Importantly, Rydell and Everingham recognized that treatment can provide considerable health and public safety benefits even if it only reduces drug use while the client is enrolled. Held up to a standard of pure prevalence reduction , treatment is unimpressive. But by the standards of quantity reduction and harm reduction, treatment looks pretty good. American providers – steeped in the Twelve Step tradition – recoil at the phrase “harm reduction” – but it is a service that they can and often do perform quite well. Perhaps the most socially beneficial treatment modality is one that some are reluctant to view as treatment at all – methadone maintenance for heroin addicts. In 2006, there were 254,049 people receiving methadone, only about 20 to 25 percent of all opiate addicts in the US . The gap is partly due to spotty service provision outside major cities, but in even urban centers, many addicts won’t voluntarily seek out methadone, preferring heroin even with its attendant risks.

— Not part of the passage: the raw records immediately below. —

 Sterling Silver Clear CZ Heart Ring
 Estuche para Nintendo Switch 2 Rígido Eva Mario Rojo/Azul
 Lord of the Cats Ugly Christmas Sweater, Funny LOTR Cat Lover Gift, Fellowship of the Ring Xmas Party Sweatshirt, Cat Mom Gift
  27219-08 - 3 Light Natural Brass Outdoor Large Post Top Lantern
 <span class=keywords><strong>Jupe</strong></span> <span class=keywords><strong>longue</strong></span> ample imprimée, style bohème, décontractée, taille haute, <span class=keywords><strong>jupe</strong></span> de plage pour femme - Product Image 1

But Switzerland, the Netherlands, and Germany have amassed an impressive body of evidence that hard-core addicts significantly improve their health and reduce their criminality when they are able to obtain heroin directly from government clinics . Similar ideas were rejected in the US several decades ago, but perhaps it is time for a second look . In the US, the dominant form of prevention takes place in the classroom, generally administered by teachers . Ironically, prevention is the least well funded but most thoroughly tested drug intervention. Drug prevention has very modest effects on drug and alcohol use; e.g., the mean effect size in the most recent comprehensive meta-analysis was about 1/20th of a standard deviation . Considering that 1/5th of a standard deviation is usually considered the benchmark “small” effect size, this is not very encouraging. Making matters worse, the single most popular program, Drug Abuse Resistance Education , accounts for nearly a third of all school prevention programs , but numerous studies show it has little or no detectable effect on drug use . It is not clear whether its ineffectiveness stems from its curriculum or from its reliance on classroom visits by police officers.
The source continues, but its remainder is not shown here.